# HELP!!! WHAT IS THIS & HOW DO I KILL IT?!!



## Justice911 (Jun 1, 2019)

I live in Middletown, Delaware, which is between Baltimore and Philadelphia. Can someone please tell me what kind of weed this is AND how do I kill it? This is the second season, now, that this has emerged. And now it is spreading.


----------



## Spammage (Apr 30, 2017)

#1 is hairy bittercress, and #3 and the last are henbit. I'm not sure about the others, but some 2, 4-d should take care of all of it.


----------



## McDiddles (Feb 24, 2020)

my guess on 2 and 4 is pineapple weed. I'd start with a 3-way product.


----------



## ScottW (Sep 16, 2019)

Hairy bittercress and henbit, and my guess on the one with the yellow flowers is butterweed, maybe. Whatever that one is, I've had it before and it was handled with common selective herbicides.
2,4-D should kill that stuff.
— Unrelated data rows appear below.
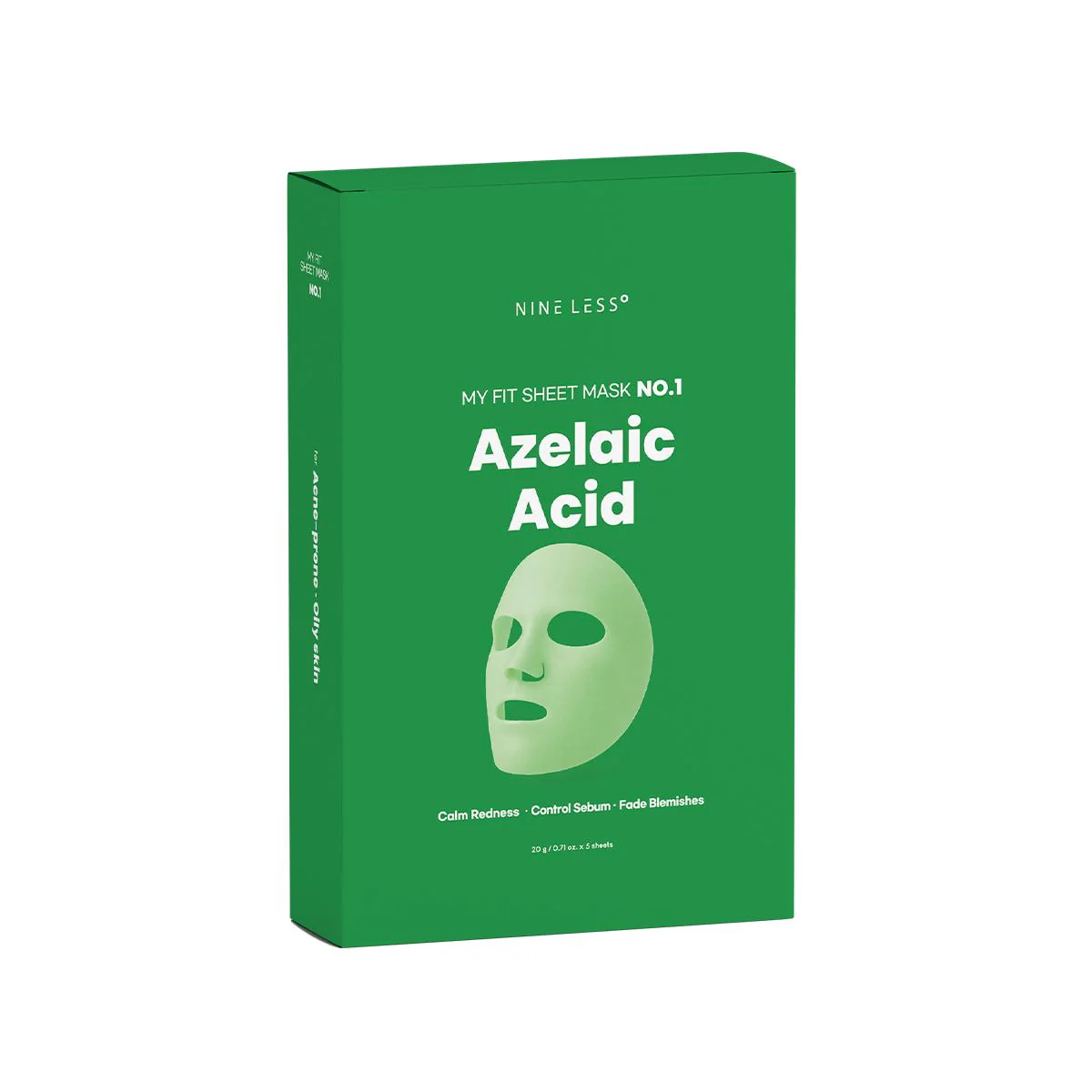NINE LESS My Fit Sheet Mask No.1 Azelaic Acid 0.71 oz.(20g) x 5ea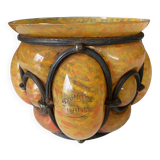Glass paste and wrought iron vase called Lorrian by Delatte Nancy 1930 art deco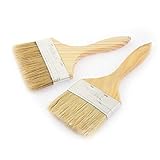 uxcell　ペイントブラシ　金属　剛毛　ウッド　シルバートーン　ウッドカラー　2個入り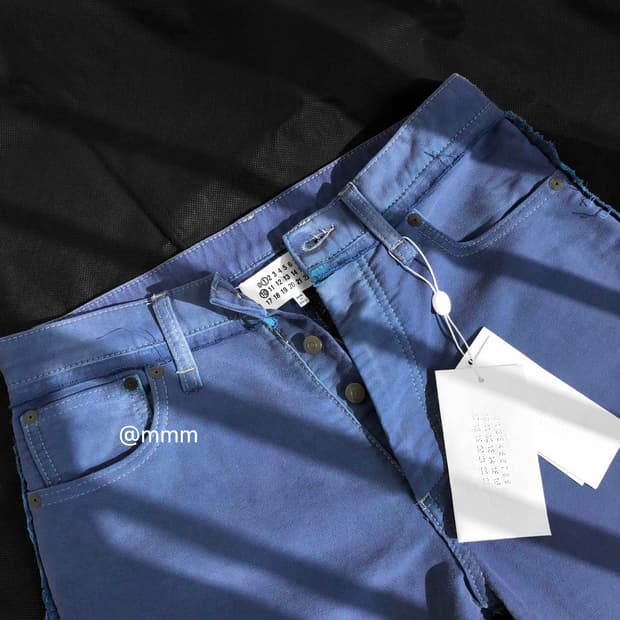 마르지엘라/워시드 컬러데님 팬츠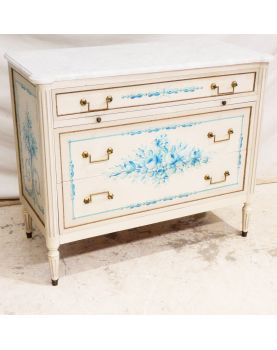 Commode Moderne Style Louis XVI Dessus Marbre Blanc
In cooler weather you'll want the ester formulation as opposed to the amine version, and it could take a few days to show effect.
The hairy bittercress you might consider hand pulling if there's a manageable amount of it, before their seed heads blow their load all over the place.

A fall pre-em treatment can help prevent a lot of these from popping up in spring, something to consider if the timing would be compatible with any fall overseed/reno plans you might have.


----------